US 11,756,309 B2
	Contrastive learning for object detection
Alper Ayvaci, Santa Clara, CA (US); Feiyu Chen, Cupertino, CA (US); Justin Yu Zheng, Mountain View, CA (US); Bayram Safa Cicek, Los Angeles, CA (US); and Vasiliy Igorevich Karasev, New York, NY (US)
Assigned to Waymo LLC, Mountain View, CA (US)
Filed by Waymo LLC, Mountain View, CA (US)
Filed on Jan. 13, 2021, as Appl. No. 17/148,148.
Claims priority of provisional application 63/117,406, filed on Nov. 23, 2020.
Prior Publication US 2022/0164585 A1, May 26, 2022
Int. Cl. G06N 3/08 (2023.01); G06V 20/58 (2022.01); B60W 60/00 (2020.01)
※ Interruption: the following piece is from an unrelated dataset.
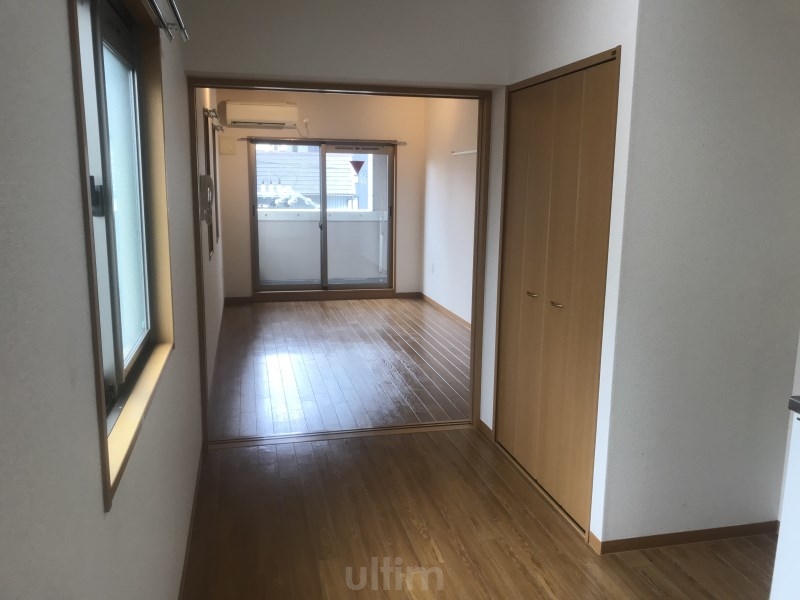 居室・リビング　※別のお部屋のお写真です。御参考までに。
CPC G06V 20/58 (2022.01) [B60W 60/001 (2020.02); G06N 3/08 (2013.01); B60W 2420/52 (2013.01); B60W 2554/4049 (2020.02)]

26 Claims

1. A method of training a neural network to detect one or more objects in an environment, the method comprising:

obtaining a network input representing the environment, wherein the input comprises sensor data for each of a plurality of locations in the environment;

processing the network input using a first subnetwork of the neural network to generate a respective embedding for each of the plurality of locations in the environment;

processing the embeddings for each of the plurality of locations in the environment using a second subnetwork of the neural network to generate, for each of the plurality of locations in the environment, an object prediction that characterizes a possible object at the location in the environment;

processing the embeddings for each of the plurality of locations in the environment using a third subnetwork of the neural network to generate an updated embedding for each of the plurality of locations in the environment;

determining, for each of a plurality of pairs of the plurality of locations in the environment, whether the respective object predictions of the pair of locations characterize the same possible object or different possible objects;

computing a respective contrastive loss value for each of the plurality of pairs of locations in the environment, wherein:

for each pair of locations whose object predictions characterize the same possible object, the corresponding contrastive loss value is proportional to a difference between the respective updated embeddings of the pair of locations; and

for each pair of locations whose object predictions characterize different possible objects, the corresponding contrastive loss value is inversely proportional to a difference between the respective updated embeddings of the pair of locations; and

updating values for (i) a plurality of parameters of the first subnetwork and (ii) a plurality of parameters of the third subnetwork using the computed contrastive loss values.